For Immediate Release
[Washington, DC] — Today the U.S Department of Education significantly lowered costs for college students by banning some of the worst fees from bank accounts on campus.
The agency’s new rule will impact over 9 million college students that are exposed to campus-sponsored bank accounts. These debit accounts, often used by students to house their financial aid dollars, are not a better deal for students than what they might find off campus. The fees can be confusing and unavoidable. In 2012, U.S. PIRG wrote a report, The Campus Debit Card Trap, detailing these problems.
U.S. Senator Richard Durbin (D-IL), said the following in response to the rule: “Student financial aid should be for the benefit of students, not banks. When colleges and universities partner with financial institutions to issue campus debit cards, students are often targets of aggressive marketing and excessive fees. Today’s final rule establishes a strong set of reforms that will allow students to focus on their education rather than the fees and fine print of a debit card contract.”
After the release of U.S. PIRG’s report in 2012, Senator Durbin asked for an IG investigation and advocated for reforms to better protect students from abusive campus card practices in letters to the Education Secretary and the higher education community. “I thank U.S. PIRG for working to expose the problems that can occur with these bank deals which have been formed with colleges and universities that represent nine million American students.”

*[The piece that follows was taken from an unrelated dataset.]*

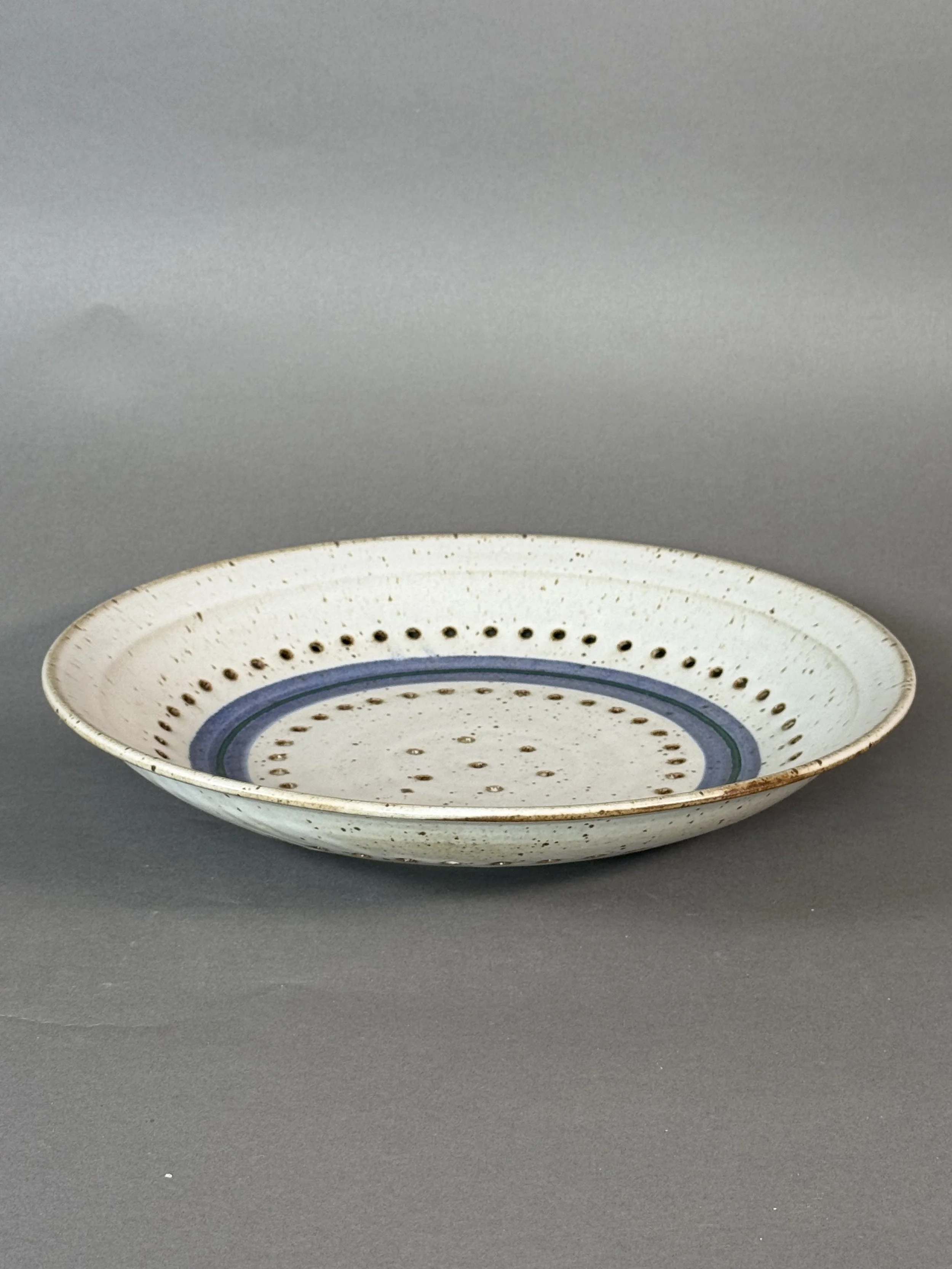Artisanal Stoneware Colander with Blue & Green Design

“Each year, billions of dollars of financial aid flows to students on campus. Banks want a piece of the action. Students are unfairly targeted by banks, and the Department of Education rule levels the playing field,” said Christine Lindstrom, U.S. PIRG Higher Education Program Director.
Students typically take up these accounts as a storehouse for their federal financial aid dollars, but they can end up paying hundreds of dollars in fees each year. Banks behind the fees have been the subject of investigation at the Federal Deposit Insurance Corporation and the Federal Reserve, as well as the target of a major class-action lawsuit recently settled in Connecticut.
The new rule prohibits banks from charging overdraft fees to students, who presumably are using a debit account rather than using credit and spending in the red. Overdraft fees can be as high as $37, and banks will reorder transactions to collect the most overdraft fees possible from students.
The rule also bans inactivity fees and the niggly point-of-sale fee, a $.50 per-transaction fee which is not commonly charged outside the campus marketplace. The new rule will result in over 2 million students realizing savings beginning next July 2016.
In addition, the rule bans aggressive marketing tactics like pre-mailing debit cards to students before they have opted into the account. It also ensures that the banking contract is publicly available on campus, and turned over to the US Department of Education annually.
“While the new rule allows for banks to continue sharing revenue with colleges as part of the deal, and for banks to adopt the campus logo on their banking products, it still manages to protect students. The contract transparency provisions it contains are essential to ensure that students do not get taken advantage of in these banking deals,” U.S. PIRG’s Lindstrom said.
“Unfortunately, the rule does allow certain bank accounts offered on campus to continue to charge high overdrafts and other fees simply because the cards are marketed outside of the financial aid process. Given that between 40 and 80 percent of the student community at schools with campus-sponsored bank accounts end up one, it is only logical that financial aid dollars will end up in these accounts.
“Overall, most students will save money in these accounts beginning in July, so this is a big victory for students.”